3 of 113 comments (clear)

  1. drone swarms not good for usa by sittingnut · · Score: 4, Insightful

    comments here say this would be good counter to russian anti aircraft weapons, but real beneficiaries of drone swarm technologies, which are relatively cheap and easy to deploy(and will be ever more so as times goes on), and not that secret, will be smaller nations defending against bigger costlier high tech aircraft, missiles, and drones( and big ships at sea).
    this would be another form of asymmetric warfare, like guerrilla and terrorist warfare.
    in fact, biggest losers will be usa and nato.

  2. Re:One more step.... by Dutch+Gun · · Score: 1, Insightful

    Why? That's what nukes are for.
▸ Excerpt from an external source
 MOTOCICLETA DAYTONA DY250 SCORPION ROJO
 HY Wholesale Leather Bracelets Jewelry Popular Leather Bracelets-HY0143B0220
And if we ever reach the point of wanting to indiscriminately kill tens of thousands of civilians, then wiping out their cities would probably be seen as a bonus, not a deterrent.

    --
    Irony: Agile development has too much intertia to be abandoned now.
  3. Re:Days of anti-aircraft missiles numbered by bradrum · · Score: 3, Insightful

    Indeed. Release a drone from altitude and you don't technically even need to give it active propulsion, just active flight surfaces to control its glide. That said, with a glider or weak-powered craft, you are going to be fairly subject to winds. Then again, that only matters for some types of applications - it would be a problem for using them to conduct a ground attack or surveilance, but if you're using the drones as sort of a smart aerial "screen" against incoming missiles, maybe not.

    Well the Tacit Rainbow project used very small jet engines I believe. I think that was sort of a big problem with that project in the 80s, the actual loiter time was much less than what was advertised so they did. But now drones loiter for 14 hours fully loaded, so I think the game has changed.